● **Your objective**: Write out exactly the lines from the one holding "جمعية العميد تناقش" to the last line of the entries, both ends included and nothing else, without the pictures.

BEGIN Supplied entries

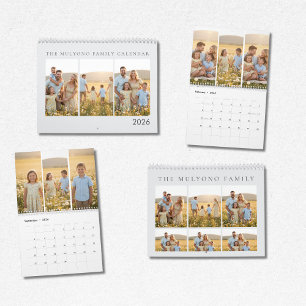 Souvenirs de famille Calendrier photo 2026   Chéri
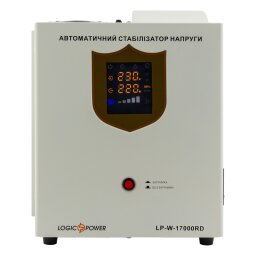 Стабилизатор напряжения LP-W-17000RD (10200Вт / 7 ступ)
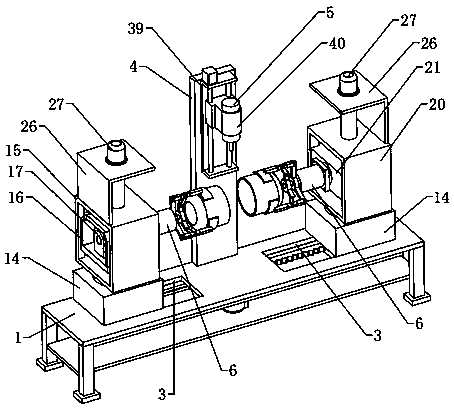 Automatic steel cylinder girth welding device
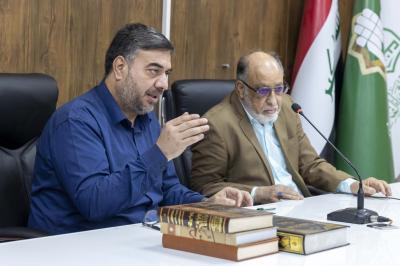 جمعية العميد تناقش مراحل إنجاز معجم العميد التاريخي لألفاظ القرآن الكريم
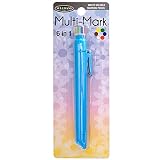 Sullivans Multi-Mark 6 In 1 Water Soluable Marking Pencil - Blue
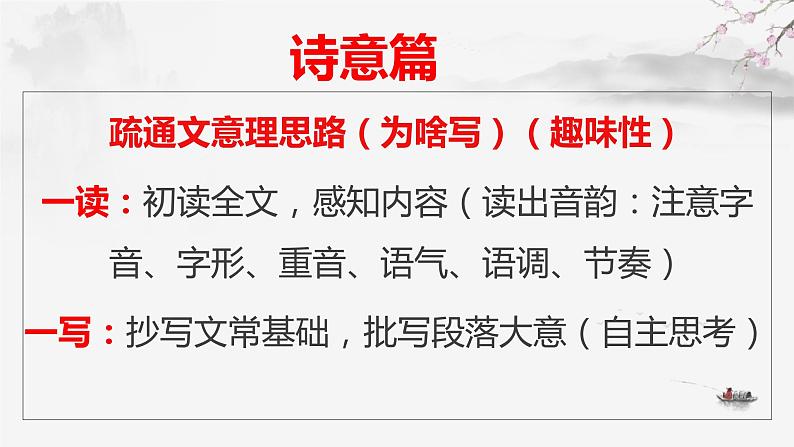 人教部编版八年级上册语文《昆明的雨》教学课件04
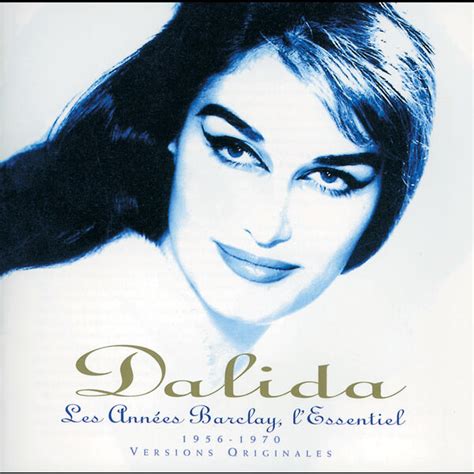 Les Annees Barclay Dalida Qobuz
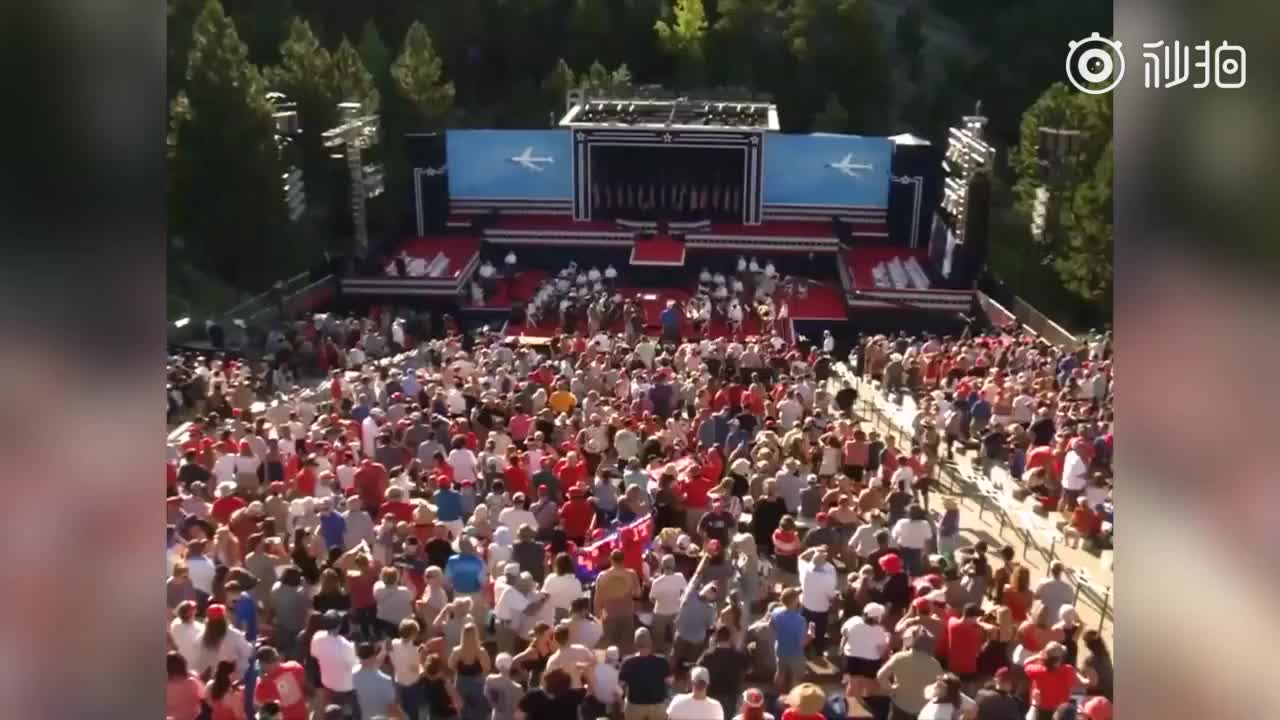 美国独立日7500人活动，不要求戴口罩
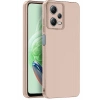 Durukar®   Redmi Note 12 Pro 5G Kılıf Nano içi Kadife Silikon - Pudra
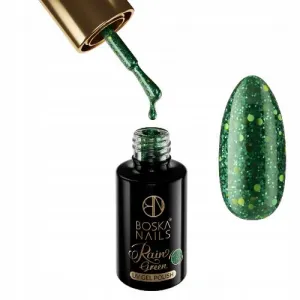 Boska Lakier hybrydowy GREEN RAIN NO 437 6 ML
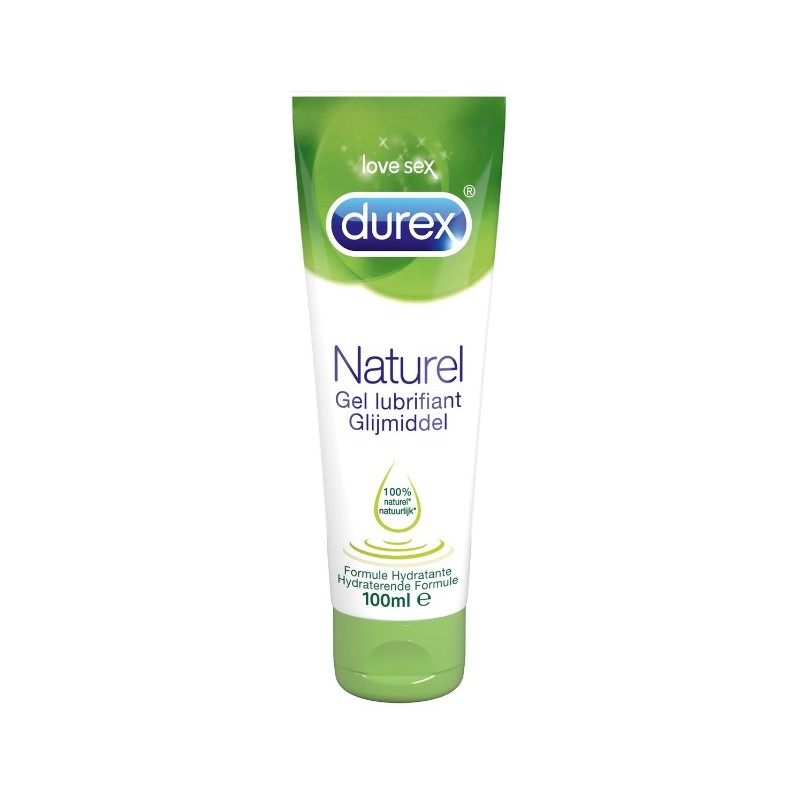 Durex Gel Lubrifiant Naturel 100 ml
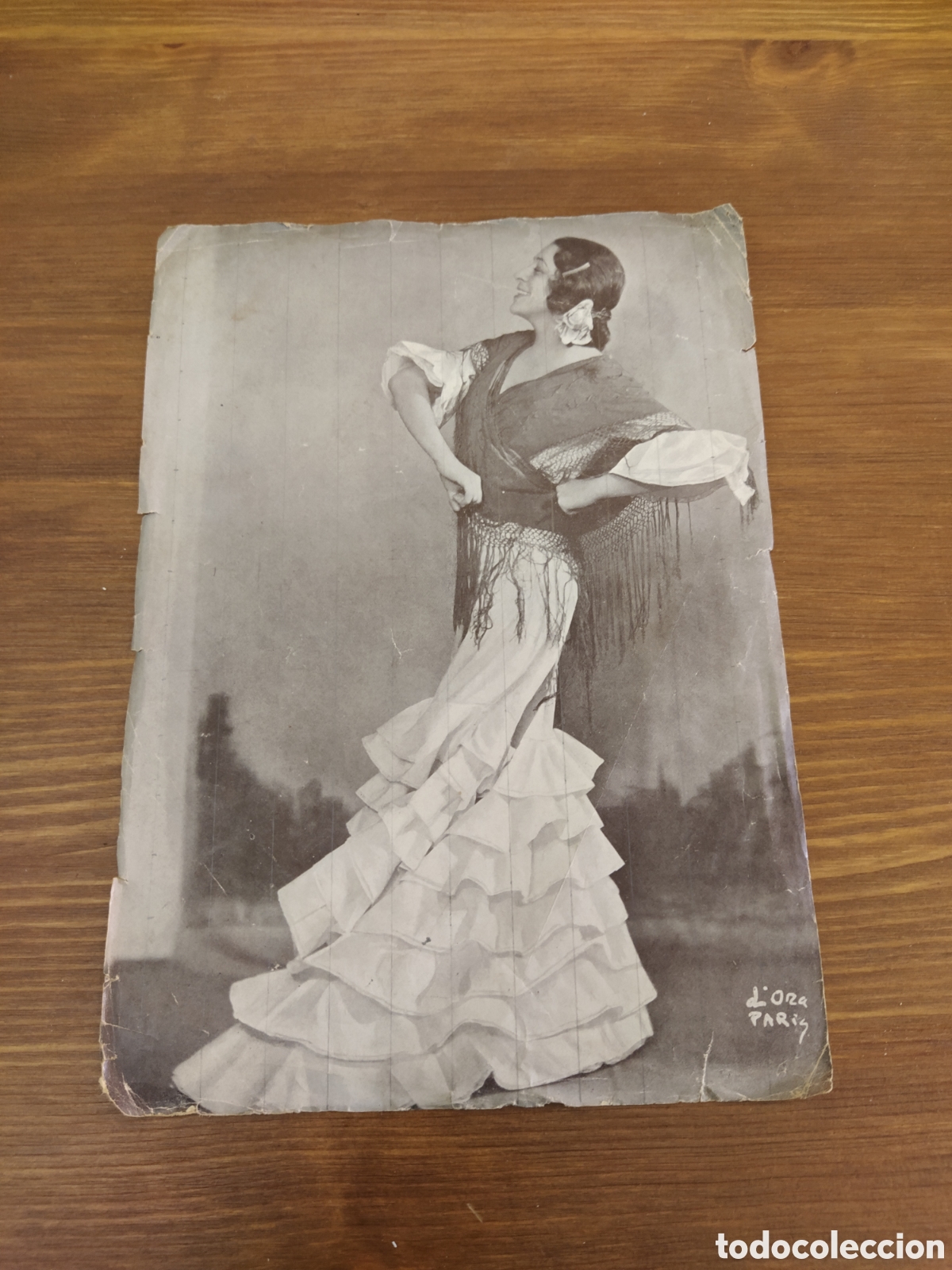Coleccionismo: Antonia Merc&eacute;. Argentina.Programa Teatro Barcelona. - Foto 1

END Supplied entries

● **Answer section**:
 جمعية العميد تناقش مراحل إنجاز معجم العميد التاريخي لألفاظ القرآن الكريم
 Sullivans Multi-Mark 6 In 1 Water Soluable Marking Pencil - Blue
 人教部编版八年级上册语文《昆明的雨》教学课件04
 Les Annees Barclay Dalida Qobuz
 美国独立日7500人活动，不要求戴口罩
 Durukar®   Redmi Note 12 Pro 5G Kılıf Nano içi Kadife Silikon - Pudra
 Boska Lakier hybrydowy GREEN RAIN NO 437 6 ML
 Durex Gel Lubrifiant Naturel 100 ml
Coleccionismo: Antonia Merc&eacute;. Argentina.Programa Teatro Barcelona. - Foto 1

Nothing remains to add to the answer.